The data
---

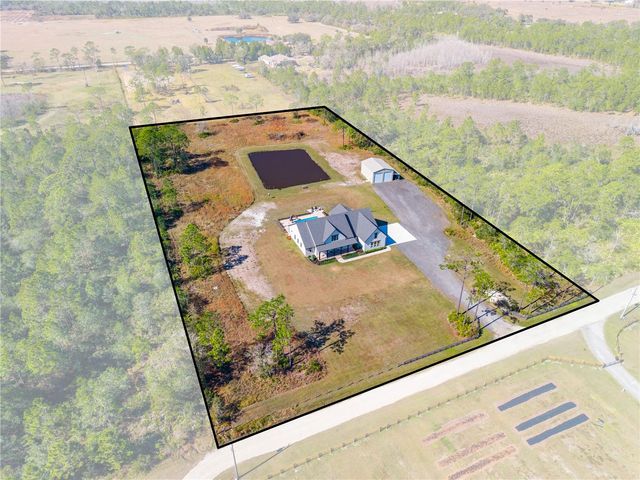 4355 LAKE GENTRY ROAD, St Cloud, FL 34772
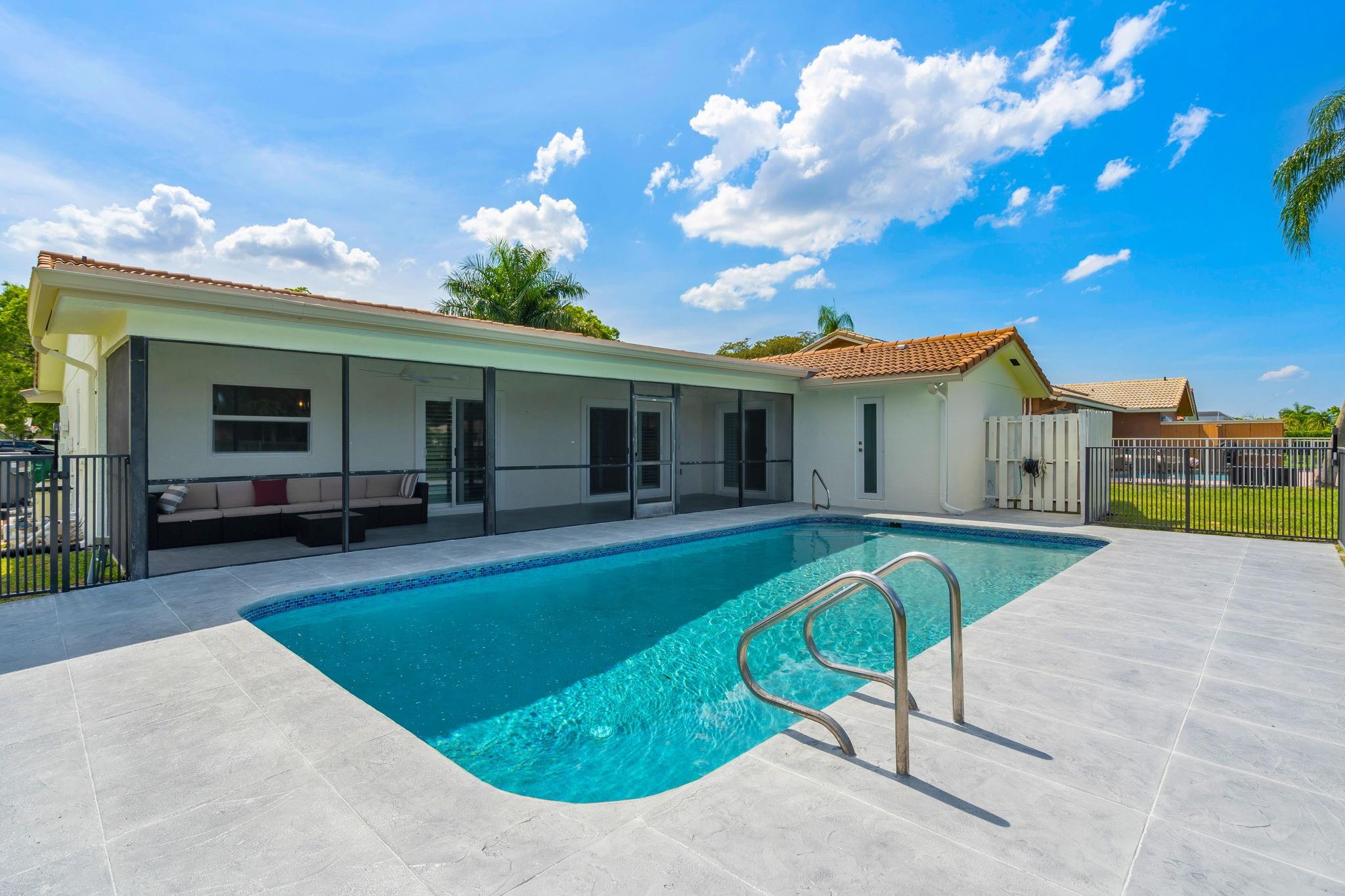 Cypress Run 93-16 B - Residential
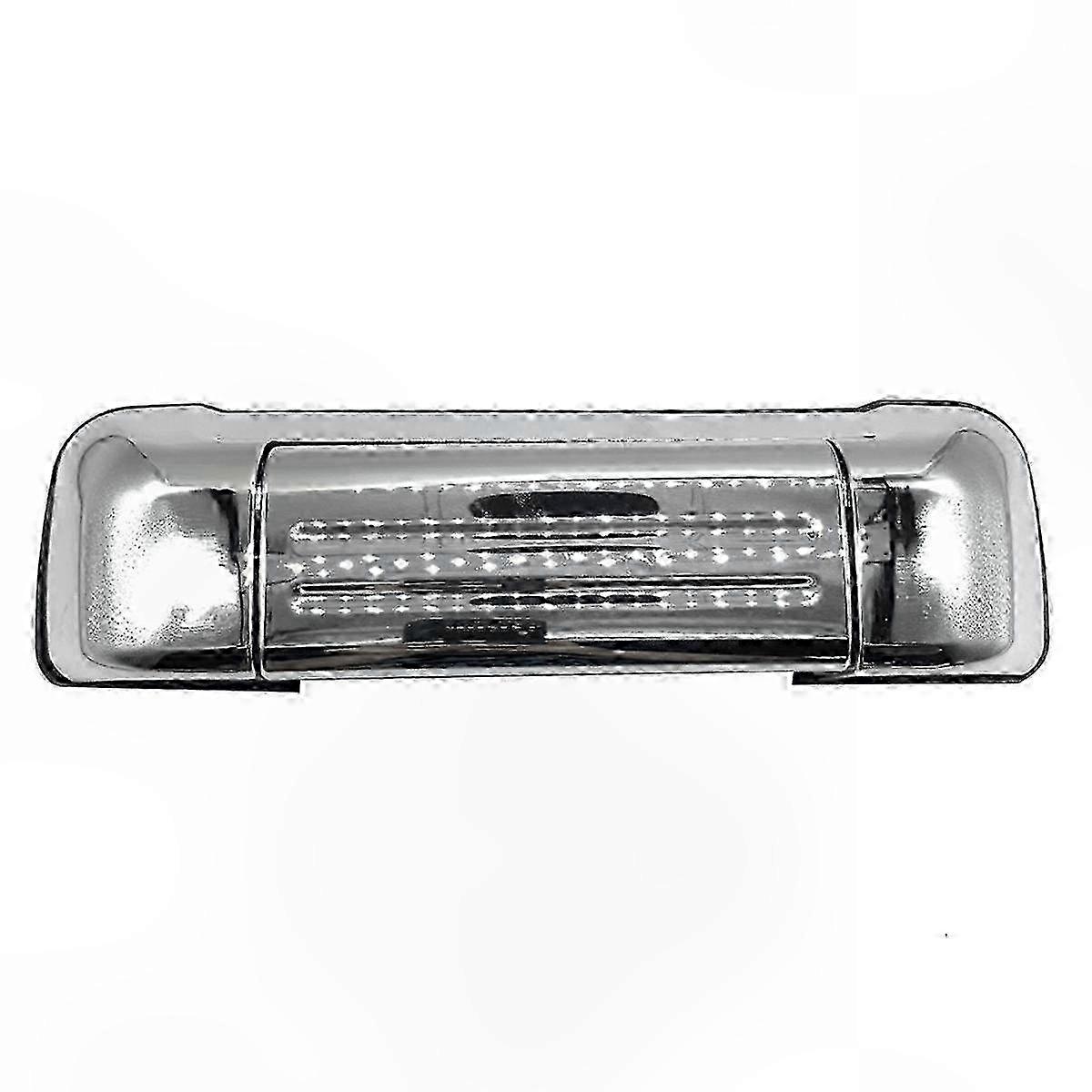 Rear Trunk Door Handle for  Vitara Grand Vitara XL-7 1998-2005-Compatible with 8285065D1 Edition 0702 Accessory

---

Brief
Reproduce each line above exactly, but not a single picture.

Expected answer
 4355 LAKE GENTRY ROAD, St Cloud, FL 34772
 Cypress Run 93-16 B - Residential
 Rear Trunk Door Handle for  Vitara Grand Vitara XL-7 1998-2005-Compatible with 8285065D1 Edition 0702 Accessory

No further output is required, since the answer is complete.